- **TASK DETAILS**: In the lines below, look for "floors". Copy each line where it appears.
=== DATA FOR THIS TASK ===
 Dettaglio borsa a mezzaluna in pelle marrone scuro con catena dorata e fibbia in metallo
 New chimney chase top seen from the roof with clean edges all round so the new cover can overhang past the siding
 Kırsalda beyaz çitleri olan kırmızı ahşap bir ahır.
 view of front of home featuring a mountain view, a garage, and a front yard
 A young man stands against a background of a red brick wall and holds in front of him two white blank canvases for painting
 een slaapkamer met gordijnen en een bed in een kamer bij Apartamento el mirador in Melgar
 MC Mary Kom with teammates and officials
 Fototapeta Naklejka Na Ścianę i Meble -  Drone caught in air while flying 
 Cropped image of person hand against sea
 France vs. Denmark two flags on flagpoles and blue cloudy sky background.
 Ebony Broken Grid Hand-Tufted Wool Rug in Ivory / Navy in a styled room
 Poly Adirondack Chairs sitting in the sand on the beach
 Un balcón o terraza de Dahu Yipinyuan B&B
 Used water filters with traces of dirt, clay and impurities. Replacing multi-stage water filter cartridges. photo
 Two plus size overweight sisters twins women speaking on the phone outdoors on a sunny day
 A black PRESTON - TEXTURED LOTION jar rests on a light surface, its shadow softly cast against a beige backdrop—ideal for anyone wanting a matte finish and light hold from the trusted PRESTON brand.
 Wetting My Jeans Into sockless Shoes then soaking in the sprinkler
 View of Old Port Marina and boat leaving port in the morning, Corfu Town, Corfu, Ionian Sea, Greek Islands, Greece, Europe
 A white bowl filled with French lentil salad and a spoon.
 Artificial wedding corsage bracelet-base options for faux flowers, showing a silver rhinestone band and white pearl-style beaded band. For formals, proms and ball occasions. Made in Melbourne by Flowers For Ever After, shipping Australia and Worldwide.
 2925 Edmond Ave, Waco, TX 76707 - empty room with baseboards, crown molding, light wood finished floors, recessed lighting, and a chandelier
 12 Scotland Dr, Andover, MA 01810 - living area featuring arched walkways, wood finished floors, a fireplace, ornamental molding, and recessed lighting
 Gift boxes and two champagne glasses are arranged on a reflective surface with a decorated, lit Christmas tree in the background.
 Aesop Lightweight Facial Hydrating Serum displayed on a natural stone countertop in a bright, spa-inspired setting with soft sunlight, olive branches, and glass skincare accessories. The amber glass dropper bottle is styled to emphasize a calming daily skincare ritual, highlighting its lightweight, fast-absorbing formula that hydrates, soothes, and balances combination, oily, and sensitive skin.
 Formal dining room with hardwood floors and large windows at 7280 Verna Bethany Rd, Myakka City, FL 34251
===
- **SOLUTION TO THIS EXERCISE**:
 2925 Edmond Ave, Waco, TX 76707 - empty room with baseboards, crown molding, light wood finished floors, recessed lighting, and a chandelier
 12 Scotland Dr, Andover, MA 01810 - living area featuring arched walkways, wood finished floors, a fireplace, ornamental molding, and recessed lighting
 Formal dining room with hardwood floors and large windows at 7280 Verna Bethany Rd, Myakka City, FL 34251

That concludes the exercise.